Non ho balìa.... Con l'accento sulla i.
"Balìa" e' un toscanismo, dire che non ho balìa significa che sono senza volonta', non ho forza mentale, non ho voglia di far niente.
E' il caldo che mi ha tolto la balìa, in questi giorni si fa fatica anche a pensarla una ricetta nuova, figuriamoci a sperimentarla.
E siccome la ricetta che propongo oggi e' imbarazzantemente semplice e povera provero' a rivestirla di parole, nel tentativo di rendere questo post un po' piu' leggibile. Pero' la ricetta c'e', in fondo, ma c'e'.

Torniamo alla famosa 'Balìa'. Da Wikipedia: "è un termine di origine francese antico, adottato nelle repubbliche di Firenze, Siena e Perugia con significato di territorio amministrato, signoria, potere, autorità". Il termine per la prima volta e' riportato in uno scritto del 1213.
Nei secoli il termine e' rimasto prima per la sola Toscana, poi per una parte di essa.

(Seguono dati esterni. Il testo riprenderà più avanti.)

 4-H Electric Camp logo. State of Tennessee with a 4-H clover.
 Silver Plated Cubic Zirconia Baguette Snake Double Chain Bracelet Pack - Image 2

Un territorio, quindi una balìa, veniva amministrato dal punto di vista della giustizia dai "balivi", che essenzialmente erano dei magistrati con autorita' sulle forze di polizia. Il termine balivo e' sopravvissuto fino a oggi, ma fuori d'Italia: ha cambiato il suo significato ed e' oggi di solito attribuito all'ufficiale giudiziario che si presenta per i pignoramenti. Ma questa e' un'altra storia.
Nella Firenze del medio evo e del rinascimento c'erano allora dei magistrati che curavano l'applicazione della giustizia e dell'ordine pubblico. Ogni magistrato curava una parte della balìa e sotto di se' aveva piu' ufficiali di polizia, ognuno con una cinquantina di sbirri (o birri) per l'applicazione delle misure di giustizia.
E' interessante notare che mentre i magistrati di balìa erano cittadini, scelti tra quelli piu' rappresentativi e fedeli al signore del momento, gli ufficiali di polizia non dovevano essere cittadini, ma residenti almeno "quaranta miglia lontano".
Gli sbirri erano giovanotti senza arte ne' parte, scelti per la vigoria fisica e controllati strettamente dall'ufficiale. Come dire "il braccio e la mente".
Qua sotto una bellissima foto della Colonna della giustizia di Piazza Santa Trìnita a Firenze. (Trìnita con l'accento sulla prima 'i' e non Trinita', a Firenze ci piace giocare con gli accenti). La foto e' pubblicata con licenza dell'autore, Yair Haklai.




















La bilancia rappresenta il potere della magistratura della balìa, bilancia che deve pesare torti e ragioni, la spada quello della polizia, che deve applicare, anche con l'uso della forza, le decisioni dei magistrati di balìa.

A Firenze i magistrati di balìa erano otto, da cui il nome di "Otto di Balìa", o anche Otto di Guardia.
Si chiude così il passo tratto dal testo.